Des gens saignent

Oui, des gens saignent. Une personne qui s’érafle le bras dans le gravier froid et acéré saignera. Un peu, moyennement, beaucoup. Tout dépend de plusieurs circonstances: a-t-il glissé sur le sol, ou l’y-a-t-on poussé? Le gravier était-il gros, était-il petit? L’a-t-on aidé à se relever après, ou était-il seul, ou encore, n’était-il pas seul, mais personne ne l’a aidé?

Des gens saignent. On sue, on pleure plus qu’on saigne, oui, mais on se rappelle plus des fois où l’on saigne, car le rouge se remarque mieux que la transparence. Le rouge, c’est l’amour, oui; mais le rouge, c’est aussi sauvage, c’est de la colère. On s’étonne: «tout ce sang vient-il vraiment de moi? Ai-je vraiment en moi autant de colère? Autant de rouge que celui qui coule sur la gravelle?

Orlando, Orlando. Des gens saignent pour toi. Le sang n’a pas fini de couler, car il bat aussi dans nos veines à tous. Il a cessé de couler pour ceux qui sont partis sans qu’on ne les voit s’en aller, ou sans qu’on ne les aide à se relever. Il coule toujours pour ceux qu’on a choisit d’aider, soit par obligation, soit par altruisme. Le cynisme parlera du deuxième, mais j’ai encore espoir que la seconde option soit celle qui prime.

Des gens saignent. Quelques fois, saigner est nécessaire. On peut saigner d’amour, on peut se faire un sang d’encre. On peut saigner pour les autres. On peut saigner sans contrainte, mourir avec un coeur exsangue, mais on peut aussi saigner pour aider un autre coeur à ne pas être exsangue. Ainsi, autour du sang versé, on se rassemble et on s’aime. Saigner pour un autre est un beau geste, surtout s’il est désintéressé. C’est un peu participer au tressage de la corde qui nous sauvera peut-être du vide, du néant vers lequel on se dirige.

Des gens saignent. Tout le monde saigne, et pourtant, pour certaines raisons, on refuse que certains saignent par altruisme. Leur sang n’est pas bon nous dit-on. On prétexte alors mille raisons – certaines furent pertinentes, d’autres le sont peut-être encore. Mais pendant qu’on refuse ces saignements volontaires, d’autres continuent de blanchir dans le gravier, sans qu’on puisse les aider. On voudrait les sauver, bien sûr. Mais on manque de force, de tonus. Car la colère dans le sang est ce qui nous anime, ce qui nous permet de rester debout pour protester et pour soigner ceux qui tombent.

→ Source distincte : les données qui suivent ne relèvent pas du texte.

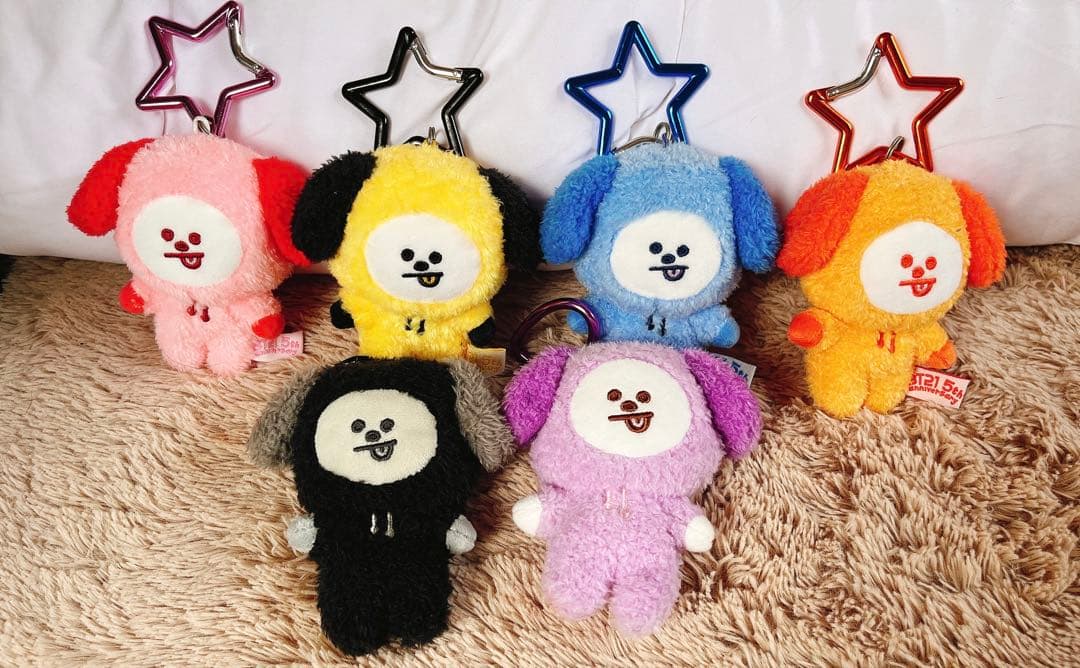 BT21 5周年記念 レインボーカラーマスコット キーホルダー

Ou plutôt pour les aider à se relever.

Des gens saignent. Des gens saignent, mais cela ne suffit pas. Il ne suffit pas de relever quelqu’un pour retourner à l’ombre s’asseoir et contempler. Il ne suffit pas d’avoir saigner une fois, mais il ne s’agit pas non plus de se tuer pour le compte d’Héma-Québec ou de ces autres entreprises essentielles au bon saignement et aux soins prodigués. Il s’agit aussi de convaincre les oubliés, les rescapés, les anciennes victimes, et de leur demander de participer aussi. Et d’outrepasser en période d’exception l’habituelle garde qui empêche les indésirables de saigner. Un petit sacrifice de tout un chacun pour sauver un ensemble plus gros, pour toujours se relever du gravier. On finit toujours pas y retomber et par s’érafler parfois;

Orlando, tu as saigné, tu saignes encore dans le gravier, et ton chagrin verse nos larmes. Mais c’est encore le rouge de ton sang qui paraît le plus. Orlando, le monde, laissez-nous tous saigner pour vous.